Tom: I tried listening a second time, and it got worse. Probably because I knew what was coming.

Tim: And I now see the logic of the collaboration: together, they can make Proper Pop. And that is Good.

Tom: They can’t, and it isn’t.

Tim: WRONG.

Same Difference – Shine On Forever (Photo Frame)

Who?

Tim: I always get these guys confused with Peter Kay’s 2 Up 2 Down. A full three years since they were on the X Factor, they’re having another go at releasing stuff.

Tom: Who?

Tim: After they failed the first time when they targeted the kiddy market*, they’ve come up with this more grown-up track. Normally you’d only use a brackety bit in the song’s name if the main title wasn’t in the lyrics; here I get the impression that each of them wanted a different title so they had to compromise.

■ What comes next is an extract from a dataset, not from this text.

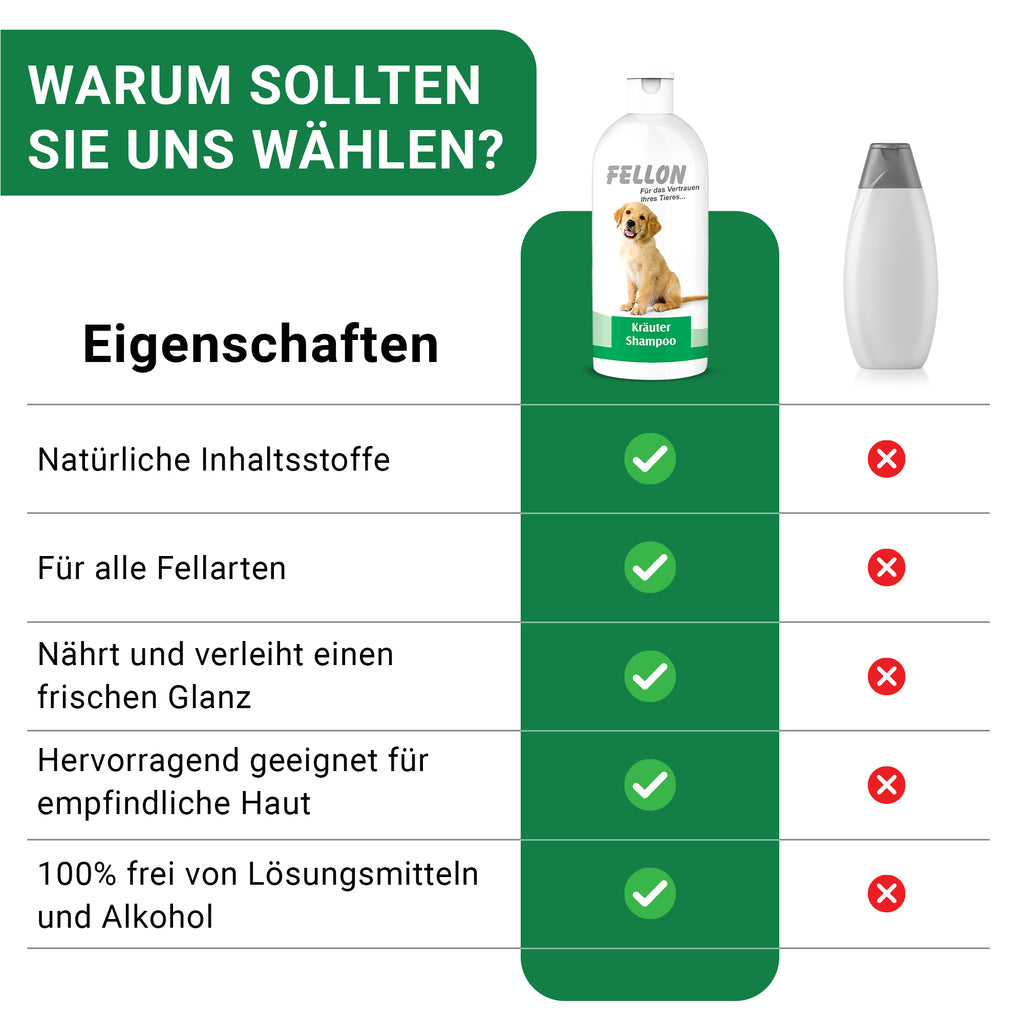 Fellon Kräuter Shampoo für Hunde 1 Liter – Bild 2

* As in, the market of children buying music, not a market where people can buy… yeah, anyway.

Tom: No, seriously, who?

Tim: It’s not a bad tune, and the vocal bit of the chorus especially is nice; it could be so much better, though, with a decent instrumental bit behind it, and not some dull GarageBand loop**, which is what it sounds like. The chorus could be proper wave-your-hands-in-the-air, instead of yeah-this-is-okay-lets-keep-going.

** Not that stock loops are necessarily any indication of quality one way or the other: compare and contrast the sublime Symphonies with the dire Umbrella.

Tom: Hmm.

Shine on forever
The picture is so clear
I’ve had the greatest moment…

…of your career? About three years ago?